The recording of brain waves by electroencephalography is an important diagnostic test for epilepsy. Other diagnostic technologies include CAT scan and magnetic resonance imaging (MRI). Standard treatment of epilepsy is with anticonvulsive drugs, such as carbamazepine, phenytoin, and valproate; it requires a careful analysis of seizure motor activity, anatomical cause, precipitating factors, age of onset of the disorder, severity, daily rhythms, and prognosis. Some cases of childhood epilepsy (which is often eventually outgrown) have been successfully treated with surgery or a very high-fat "ketogenic" diet.
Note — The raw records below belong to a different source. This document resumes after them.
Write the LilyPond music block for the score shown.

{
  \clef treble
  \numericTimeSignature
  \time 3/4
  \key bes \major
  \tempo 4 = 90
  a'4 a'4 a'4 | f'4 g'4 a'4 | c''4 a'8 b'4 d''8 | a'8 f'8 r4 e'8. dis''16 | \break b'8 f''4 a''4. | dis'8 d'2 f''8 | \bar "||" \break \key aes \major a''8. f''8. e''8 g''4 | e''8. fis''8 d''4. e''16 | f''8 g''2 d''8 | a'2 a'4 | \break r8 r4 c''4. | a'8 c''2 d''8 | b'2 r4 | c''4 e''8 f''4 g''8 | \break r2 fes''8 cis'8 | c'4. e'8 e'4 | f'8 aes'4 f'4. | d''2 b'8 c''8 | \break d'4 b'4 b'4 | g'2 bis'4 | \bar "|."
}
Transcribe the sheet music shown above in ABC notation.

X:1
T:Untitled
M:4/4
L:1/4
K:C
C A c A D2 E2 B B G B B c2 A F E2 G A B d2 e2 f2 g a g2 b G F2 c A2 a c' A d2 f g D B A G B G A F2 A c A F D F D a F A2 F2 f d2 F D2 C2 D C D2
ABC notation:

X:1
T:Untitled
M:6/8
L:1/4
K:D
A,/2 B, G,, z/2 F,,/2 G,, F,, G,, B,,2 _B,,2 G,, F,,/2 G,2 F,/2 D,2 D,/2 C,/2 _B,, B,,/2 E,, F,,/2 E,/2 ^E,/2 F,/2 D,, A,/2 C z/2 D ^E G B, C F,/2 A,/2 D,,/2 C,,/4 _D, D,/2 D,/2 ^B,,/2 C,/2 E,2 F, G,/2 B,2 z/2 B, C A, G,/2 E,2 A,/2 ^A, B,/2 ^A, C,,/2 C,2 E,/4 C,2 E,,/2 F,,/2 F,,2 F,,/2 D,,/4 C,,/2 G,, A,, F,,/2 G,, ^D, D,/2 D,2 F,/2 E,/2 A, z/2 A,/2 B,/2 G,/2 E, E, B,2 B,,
The diet results in a natural buildup of ketones in the body, which appear to inhibit the seizures. First aid, such as cushioning the head, is used to prevent the person from self-inflicted injuries during seizures. With proper medication, most epileptics live normal lives. Repeated seizures that lead to unconsciousness, however, appear to be associated with damage to the hippocampus in the brain and sudden unexpected death.
See H. Reisner, ed. Children with Epilepsy (1988); R. J. Gunnit, Living Well with Epilepsy (1990); O. Devinsky, A Guide to Understanding and Living with Epilepsy (1994); publications of the Epilepsy Foundation of America.